Instructions to follow:
Set down exactly the lines running from the line with "MangA Of The" to the end of the listing below, both ends included.

===== Record set =====

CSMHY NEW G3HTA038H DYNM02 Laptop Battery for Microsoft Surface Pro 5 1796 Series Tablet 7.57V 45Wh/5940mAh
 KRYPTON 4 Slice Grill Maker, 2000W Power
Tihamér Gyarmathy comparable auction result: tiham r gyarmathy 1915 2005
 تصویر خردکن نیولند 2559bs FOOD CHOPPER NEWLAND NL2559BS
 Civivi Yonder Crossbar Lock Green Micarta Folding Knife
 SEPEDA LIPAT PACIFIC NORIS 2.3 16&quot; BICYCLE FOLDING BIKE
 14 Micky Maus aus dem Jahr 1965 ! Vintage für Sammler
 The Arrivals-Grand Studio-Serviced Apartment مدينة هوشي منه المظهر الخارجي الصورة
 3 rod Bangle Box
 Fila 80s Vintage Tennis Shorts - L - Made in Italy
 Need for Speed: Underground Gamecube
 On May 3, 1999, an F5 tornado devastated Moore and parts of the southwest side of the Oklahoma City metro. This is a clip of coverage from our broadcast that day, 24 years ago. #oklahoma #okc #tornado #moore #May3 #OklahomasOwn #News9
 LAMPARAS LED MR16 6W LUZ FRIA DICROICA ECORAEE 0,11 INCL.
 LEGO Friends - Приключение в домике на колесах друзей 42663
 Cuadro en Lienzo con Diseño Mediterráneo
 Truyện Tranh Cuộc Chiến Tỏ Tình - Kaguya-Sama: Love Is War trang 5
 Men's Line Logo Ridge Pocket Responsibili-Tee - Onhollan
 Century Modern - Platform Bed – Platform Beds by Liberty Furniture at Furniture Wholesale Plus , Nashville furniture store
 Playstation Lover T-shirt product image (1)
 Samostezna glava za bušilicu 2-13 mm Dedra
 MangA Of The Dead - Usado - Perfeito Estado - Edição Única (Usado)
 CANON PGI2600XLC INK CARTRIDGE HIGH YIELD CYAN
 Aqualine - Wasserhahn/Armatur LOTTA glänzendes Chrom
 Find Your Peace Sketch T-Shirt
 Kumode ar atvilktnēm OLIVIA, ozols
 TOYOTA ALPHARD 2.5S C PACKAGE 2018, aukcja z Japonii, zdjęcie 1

=====

Solution for this problem:
 MangA Of The Dead - Usado - Perfeito Estado - Edição Única (Usado)
 CANON PGI2600XLC INK CARTRIDGE HIGH YIELD CYAN
 Aqualine - Wasserhahn/Armatur LOTTA glänzendes Chrom
 Find Your Peace Sketch T-Shirt
 Kumode ar atvilktnēm OLIVIA, ozols
 TOYOTA ALPHARD 2.5S C PACKAGE 2018, aukcja z Japonii, zdjęcie 1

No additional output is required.